- WORK REQUIRED: Would you copy out exactly the lines of the listing below, beginning with the one that contains "4 Bedrooms Cottage with balcony" and ending with the last?

- INPUT:
========

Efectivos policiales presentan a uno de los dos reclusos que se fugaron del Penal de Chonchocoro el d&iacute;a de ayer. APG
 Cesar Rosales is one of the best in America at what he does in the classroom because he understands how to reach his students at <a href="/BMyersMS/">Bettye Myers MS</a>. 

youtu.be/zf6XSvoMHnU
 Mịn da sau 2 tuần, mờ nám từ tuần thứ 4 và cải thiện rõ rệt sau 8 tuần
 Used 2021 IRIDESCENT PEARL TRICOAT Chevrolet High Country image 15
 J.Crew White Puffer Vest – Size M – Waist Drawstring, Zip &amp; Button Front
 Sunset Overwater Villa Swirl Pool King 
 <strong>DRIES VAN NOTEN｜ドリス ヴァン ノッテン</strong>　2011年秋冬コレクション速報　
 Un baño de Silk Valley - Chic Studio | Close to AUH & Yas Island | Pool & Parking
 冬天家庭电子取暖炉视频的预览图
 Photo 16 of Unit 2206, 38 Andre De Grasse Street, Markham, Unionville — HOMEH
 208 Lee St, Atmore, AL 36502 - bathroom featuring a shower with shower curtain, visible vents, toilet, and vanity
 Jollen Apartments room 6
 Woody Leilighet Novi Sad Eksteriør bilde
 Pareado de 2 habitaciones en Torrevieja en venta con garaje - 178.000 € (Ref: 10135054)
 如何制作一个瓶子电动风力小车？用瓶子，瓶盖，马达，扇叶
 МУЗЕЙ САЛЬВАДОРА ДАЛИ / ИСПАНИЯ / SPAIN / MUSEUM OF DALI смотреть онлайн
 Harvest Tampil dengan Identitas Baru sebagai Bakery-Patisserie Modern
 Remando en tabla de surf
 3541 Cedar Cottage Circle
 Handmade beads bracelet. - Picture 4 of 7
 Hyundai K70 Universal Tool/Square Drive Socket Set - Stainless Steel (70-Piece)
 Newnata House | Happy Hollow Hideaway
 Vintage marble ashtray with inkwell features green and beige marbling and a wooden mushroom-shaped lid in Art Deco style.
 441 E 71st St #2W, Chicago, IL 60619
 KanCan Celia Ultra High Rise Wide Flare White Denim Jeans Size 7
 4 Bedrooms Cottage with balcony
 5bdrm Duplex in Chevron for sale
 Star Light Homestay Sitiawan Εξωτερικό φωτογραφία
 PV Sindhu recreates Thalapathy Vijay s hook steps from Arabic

========

- WRITTEN REPLY:
 4 Bedrooms Cottage with balcony
 5bdrm Duplex in Chevron for sale
 Star Light Homestay Sitiawan Εξωτερικό φωτογραφία
 PV Sindhu recreates Thalapathy Vijay s hook steps from Arabic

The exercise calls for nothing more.